Now I’m wondering why it would take the servers two hours to start dying on me after the actual storedprocedures in question would already have been done. I don’t run any index maintenance at that point, or anything else for that matter (it’s the first thing I checked for). For all I know nothing runs @ the specific times. Could it be SQL Server does some ‘self maintenance’ and notices that some indexes need to be defragmentated or something even if I haven’t asked for any such thing?
Could it be our raidcontrollers (or even the SSD’s that are connected to them) that are flawed and after A LOT of activity decide to show signs of degration after 2 hours?
I simply can not explain this behavior and I’m worried our production servers might be unreliable (which would suck since they’re around 4 months old). Now i’ve fixed this issue last evening, and for 24 hours we haven’t had this problem (I wouldn’t call it ‘resolved’ unless it’s been stable for multiple days) but I’m still very curious what the hell my servers are doing.
This problem can be caused system performance issues, hardware errors, firmware errors, device driver problems, or filter driver intervention in the IO process.
What it means is that
- SQL server is doing more I/O’s that what the disk subsystem can handle.
- There could be some rogue process running on the system that is saturating the disks with all the I/O requests.

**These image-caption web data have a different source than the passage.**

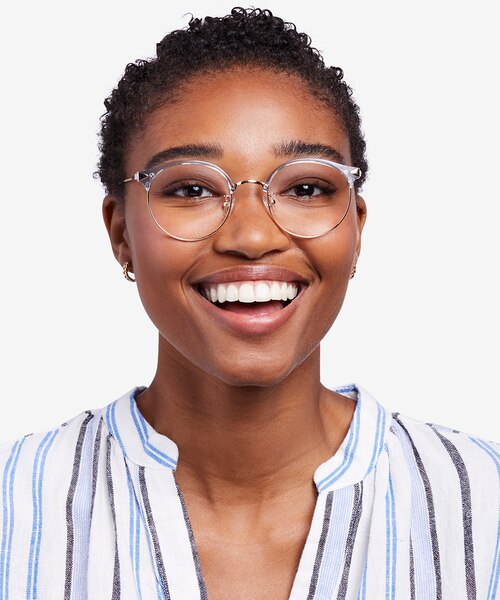 Moon River Clear Blue Plastic, MetalEyeglass Frames for Women from EyeBuyDirect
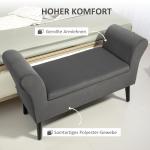 Bänk Förvaringsbänk Mörkgrå av Polyester och Trä för Hall och Sovrum Stoppad Bröstbänk med Armstöd 111,5 x 41 x 65 cm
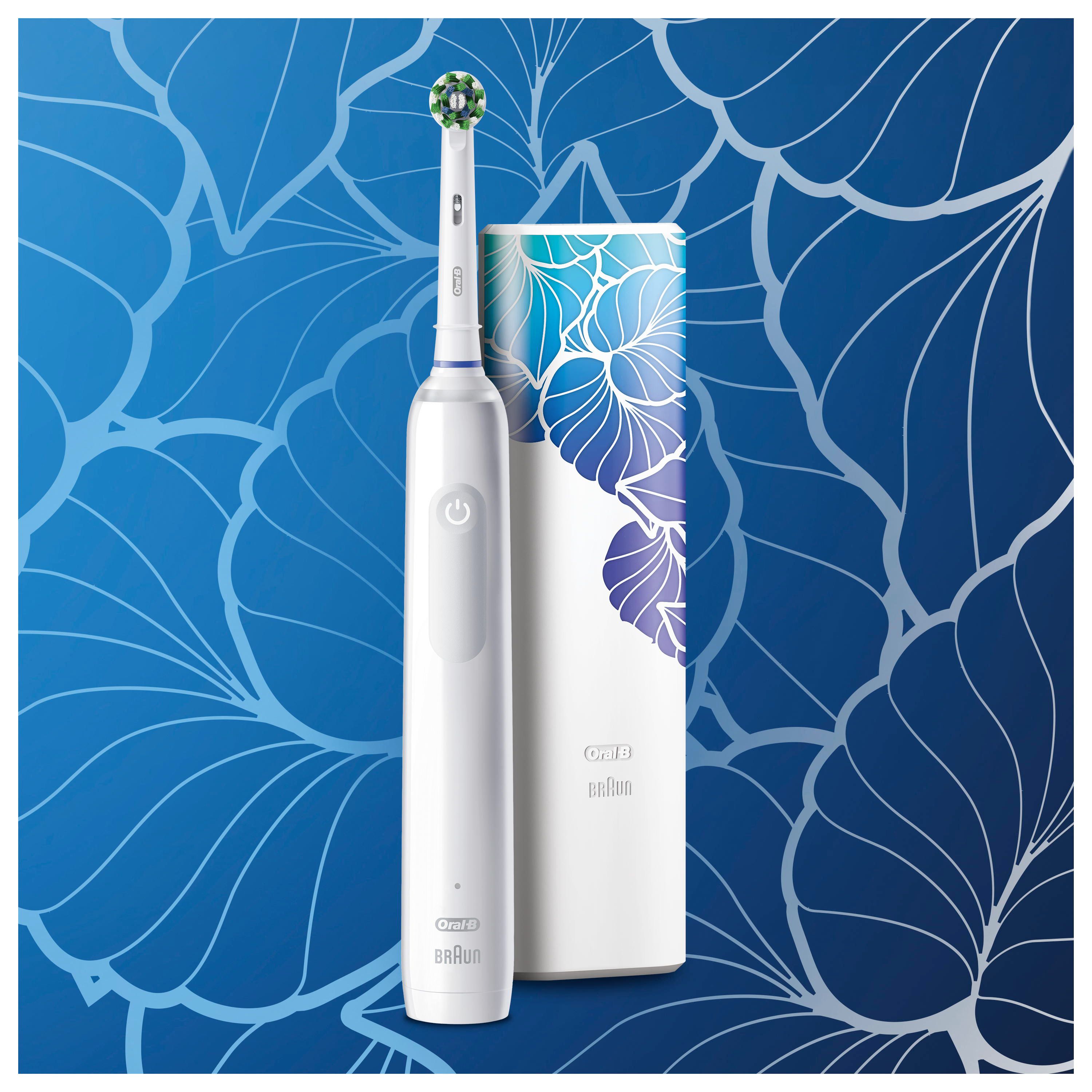 Oral-B - Elektrische Zahnbürste "Pro 3 + Reiseetui Floral Design" in Weiß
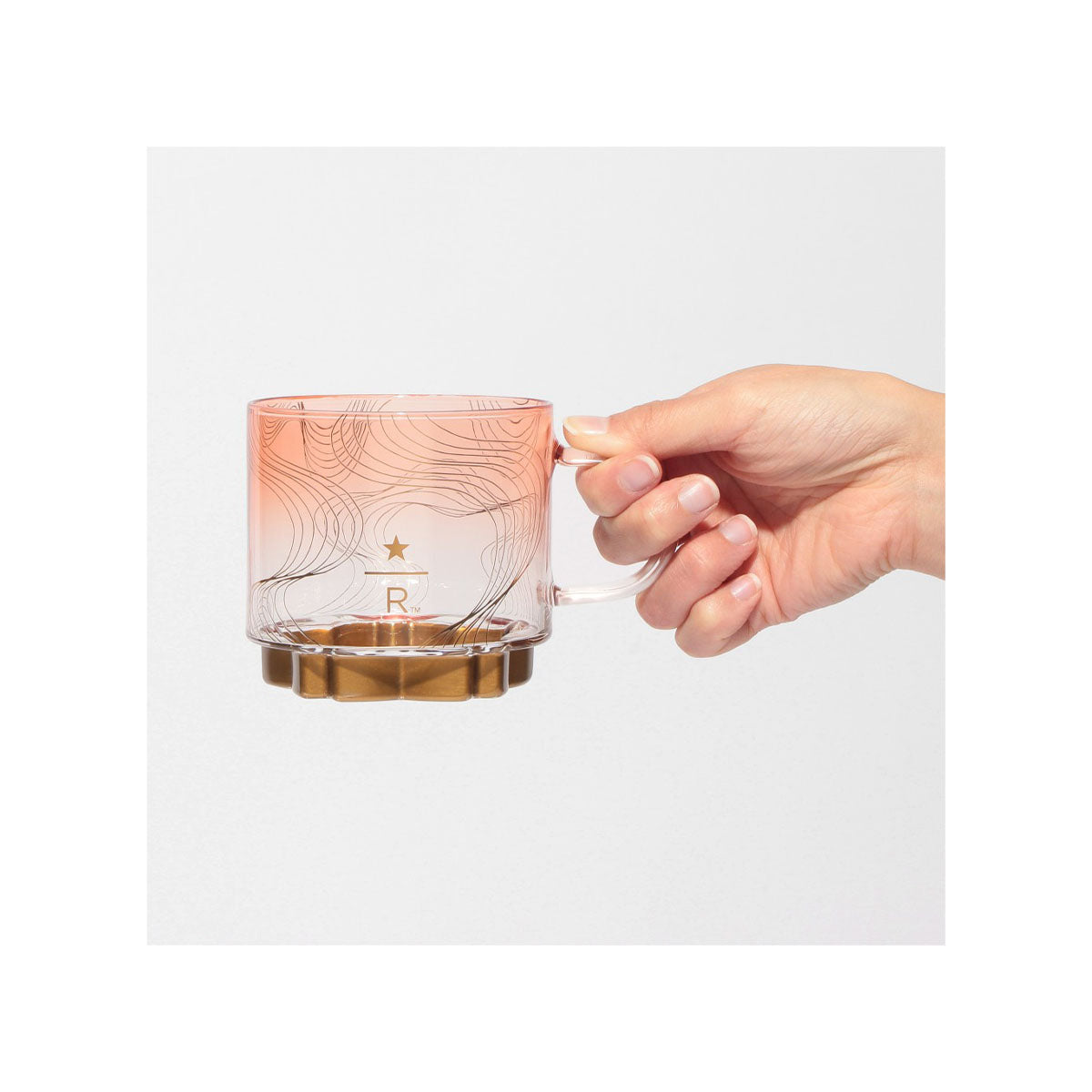 Starbucks Reserve Sakura 2025 Gold Bottom Handle Glass Mug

Below is the approach I would follow:
Troubleshoot using Wait Statistics – DMV’s
WITH [Waits] AS (SELECT [wait_type], [wait_time_ms] / 1000.0 AS [WaitS], ([wait_time_ms] - [signal_wait_time_ms]) / 1000.0 AS [ResourceS], [signal_wait_time_ms] / 1000.0 AS [SignalS], [waiting_tasks_count] AS [WaitCount], 100.0 * [wait_time_ms] / SUM ([wait_time_ms]) OVER() AS [Percentage], ROW_NUMBER() OVER(ORDER BY [wait_time_ms] DESC) AS [RowNum] FROM sys.dm_os_wait_stats WHERE [wait_type] NOT IN ( N'CLR_SEMAPHORE', N'LAZYWRITER_SLEEP', N'RESOURCE_QUEUE', N'SQLTRACE_BUFFER_FLUSH', N'SLEEP_TASK', N'SLEEP_SYSTEMTASK', N'WAITFOR', N'HADR_FILESTREAM_IOMGR_IOCOMPLETION', N'CHECKPOINT_QUEUE', N'REQUEST_FOR_DEADLOCK_SEARCH', N'XE_TIMER_EVENT', N'XE_DISPATCHER_JOIN', N'LOGMGR_QUEUE', N'FT_IFTS_SCHEDULER_IDLE_WAIT', N'BROKER_TASK_STOP', N'CLR_MANUAL_EVENT', N'CLR_AUTO_EVENT', N'DISPATCHER_QUEUE_SEMAPHORE', N'TRACEWRITE', N'XE_DISPATCHER_WAIT', N'BROKER_TO_FLUSH', N'BROKER_EVENTHANDLER', N'FT_IFTSHC_MUTEX', N'SQLTRACE_INCREMENTAL_FLUSH_SLEEP', N'DIRTY_PAGE_POLL', N'SP_SERVER_DIAGNOSTICS_SLEEP') ) SELECT [W1].[wait_type] AS [WaitType], CAST ([W1].[WaitS] AS DECIMAL(14, 2)) AS [Wait_S], CAST ([W1].[ResourceS] AS DECIMAL(14, 2)) AS [Resource_S], CAST ([W1].[SignalS] AS DECIMAL(14, 2)) AS [Signal_S], [W1].[WaitCount] AS [WaitCount], CAST ([W1].[Percentage] AS DECIMAL(4, 2)) AS [Percentage], CAST (([W1].[WaitS] / [W1].[WaitCount]) AS DECIMAL (14, 4)) AS [AvgWait_S], CAST (([W1].[ResourceS] / [W1].[WaitCount]) AS DECIMAL (14, 4)) AS [AvgRes_S], CAST (([W1].[SignalS] / [W1].[WaitCount]) AS DECIMAL (14, 4)) AS [AvgSig_S] FROM [Waits] AS [W1] INNER JOIN [Waits] AS [W2] ON [W2].[RowNum] <= [W1].[RowNum] GROUP BY [W1].[RowNum], [W1].[wait_type], [W1].[WaitS], [W1].[ResourceS], [W1].[SignalS], [W1].[WaitCount], [W1].[Percentage] HAVING SUM ([W2].[Percentage]) - [W1].[Percentage] < 95; -- percentage threshold GO
Look at the pending I/O’s
SELECT database_id ,file_id ,io_stall ,io_pending_ms_ticks ,scheduler_address FROM sys.dm_io_virtual_file_stats(NULL, NULL) t1 ,sys.dm_io_pending_io_requests AS t2 WHERE t1.file_handle = t2.io_handle
Below are PERFMON counters that will help you:
- Avg. Disk sec/Transfer => Time taken to perform the I/O operation
- Disk Bytes /sec => Total reads and writes to disk per second in bytes.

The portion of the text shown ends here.